Ned Hill, an urban affairs professor at Cleveland State University, said that sourness about cities isn’t “just self-defeating. It’s self-fulfilling.

And one can see how this sour poison is working in the NCR argument. It's an excuse for various people with political axes to grind to attack the Democrats and the left in general and Rhine McLin in particular. So one has politically motivated Dayton bashing becuase its important for certain political agendas to drag down Dayton.

This is the case for any bad news on about Dayton. Is it raining today? It's that damn Mayor McHats fault. Dayton has gloomy winters? Rhine McLin should resign posthaste.

There are probably issues with McLins' leadership and Dayton governance. In fact this blog is critical of Rashad Young, the city manager who serves at the pleasure of the mayor and city commission. Yet the undercurrent of the critque is dominated by right wing ideology and a very thinly veiled racism. In fact racism is apparently a bigger deal here than people want to admit, and is behind the high degree of bile and venom to the anti-Dayton/anti-McLin remarks.

Of course if a white male Republican, say another Mike Turner, was mayor, or if a bunch of conservative Republicans controlled the city commission you'd hear nary a word. The reason why is the political agenda would be to minimize urban socioeconomic problems because the goal would be to make the conservatives look good.

And one would see attacks from the left and the Democrats, the way presumably anti-Perdue people posting on Atlanta-centric forums are minmizing NCR's economic impact or questioning if it was really worth the money Perdue paid them to move

So political obsession and partisanship screws up peoples minds, leading to a sort of low dishonesty.

Dayton was identified over a decade ago by urban affairs expert David Rusk as a city beyond the point of no return, so problems have been around for a long time now, beyond the ability of Republican Mike Turner or Democrat Rhine McLin to addresss in any substantive way.

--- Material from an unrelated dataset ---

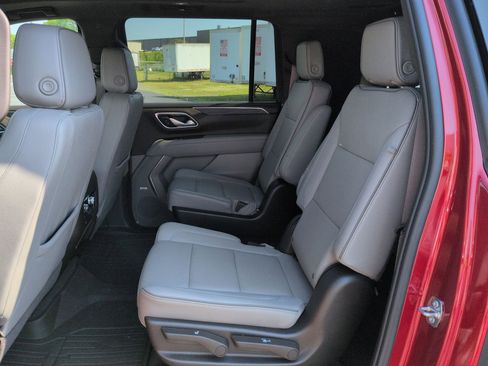 Certified 2024 GMC Yukon XL SLT w/ SLT Premium Package AWD/4WD image 26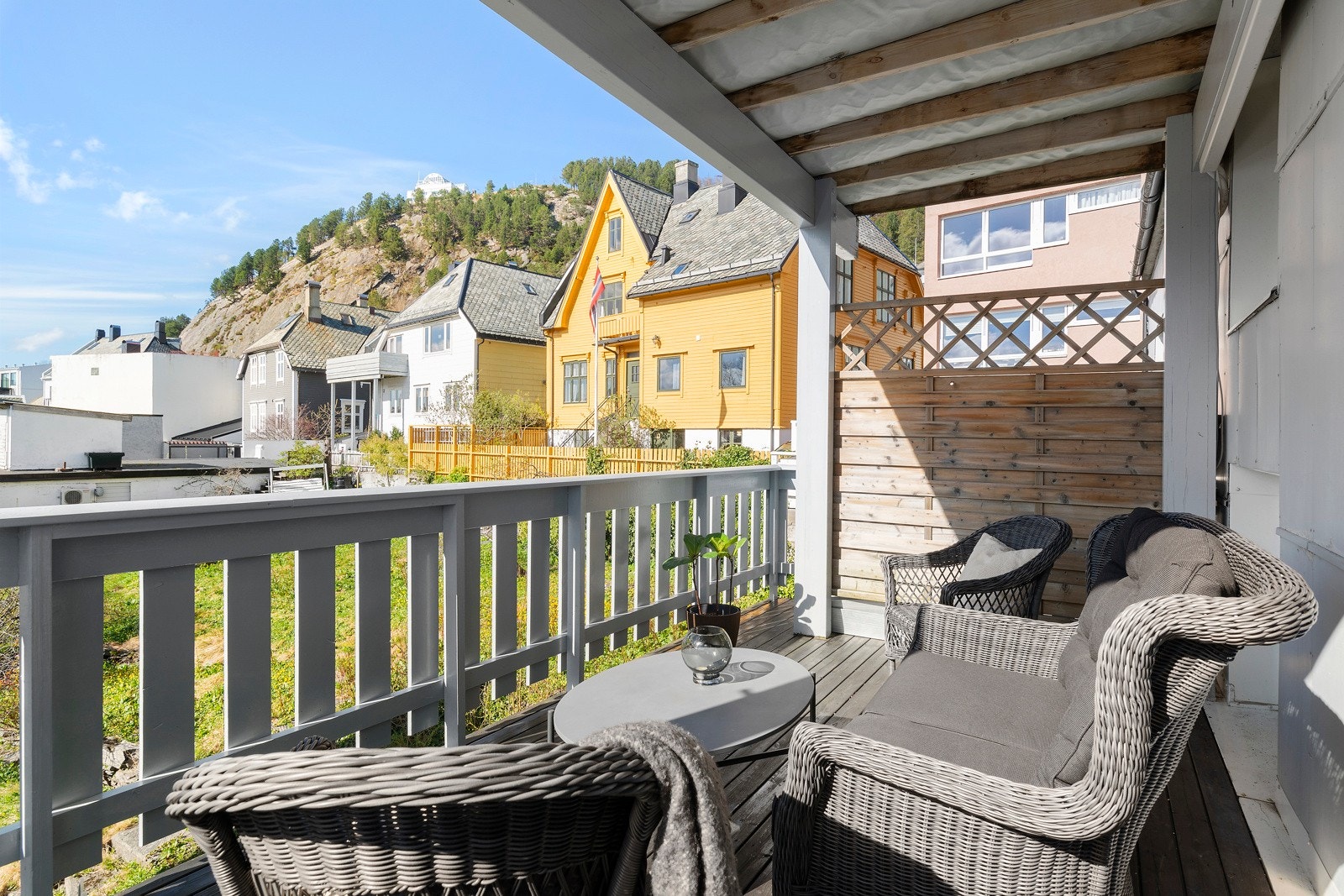 Verandaen er på hele 13 kvm, og har sørvestvendt orientering - med andre ord har du solen store deler av dagen. Galleribilde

And a problematic Dayton is due to the people who live there...and here...as it's due to the suburbanites anti-urban, racist, classist and fearful attitudeds toward the city. This has led suburbanites to essentially cede the city to the underclass, which is white trash as much as it's black ghetto.

The result is the city is a socioeconomic bantustan, a behavorial sink ruled by a minority woman, who then becomes the target of potshots by suburbanites who helped create and enforce the conditions of economic & social exclusion, the consequences of which become ammunition for the ongoing dragging down of Dayton.

This place is really sick, and perhaps Nuti saw that after he became CEO of NCR, saying 'no thanks' to the bad karma that is Dayton and Vicinity.














Tuesday, June 2, 2009

NCR

..is gone.

Symbolic, perhaps, of the end of Dayton's 20th century "company town" era. The final shutdown of Moraine Assembly was, too. NCR and GM, via Delco, later Delphi, dominated Dayton by their sheer scale and, in the case of NCR, the domineering figure of John Patterson.

Maybe not such a healthy thing, even though it brought a lot of jobs here in the 20th century.

Those jobs started to disappear in a very big way with the NCR manufacturing shutdown of the early 1970s, where up to 20,0oo jobs were eliminated. That was the start of 30 years of industrial shrinkage. NCR was the first mover, kicking off the era of decline, and now it's finally leaving for good.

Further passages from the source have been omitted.